Extensible task registry

Don't see the task you want here already? First, check the task-request label on the issue tracker to see if anyone else has requested this task. If not, please raise an issue describing your requested task! This will give you an opportunity to crowdsource implementation ideas from the core team and community.

It's possible your request will become a built-in task in ecoscope-workflows one day! But until then, we provide an means for extending the tasks visible to the compilation environment via Python's entry points.

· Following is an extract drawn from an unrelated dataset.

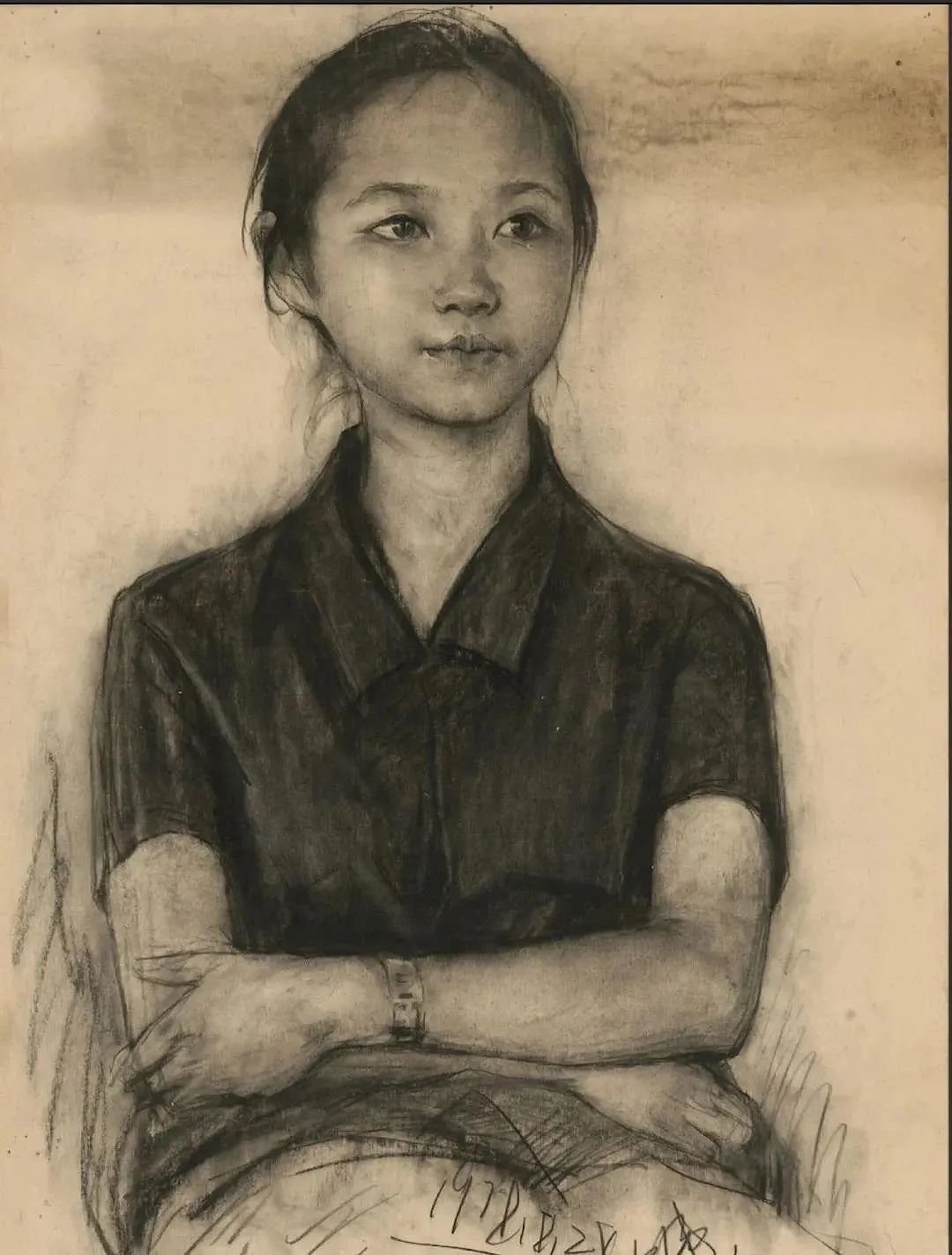 一组赵成民老师素描作品(图8)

To extend the task registry, simply:

  1. Create an installable Python package that incudes a module named tasks
  2. In tasks, define your extension tasks using the @distibuted decorator, and adhering to the other style conventions described in tasks above.
  3. In your package's pyproject.toml, use projects.entry-points to associate the fully qualified (i.e., absolute) import path for your tasks module with the "ecoscope_workflows".tasks entry point. For example:
# pyproject.toml

[project]
dependencies = ["ecoscope_workflows"]

[project.entry-points."ecoscope_workflows"]
# here we are imagining that your extension package is importable as `my_extension_package`,
# but you will no doubt think of a catchier name than that! note that you must provide a
# top-level `.tasks` module, i.e.:
tasks = "my_extension_package.tasks"

With these steps in place, simply install your package in the compilation Python environment, and then run:

$ ecoscope-workflows tasks

You should see your extension packages listed and can now freely use them in compilation specs.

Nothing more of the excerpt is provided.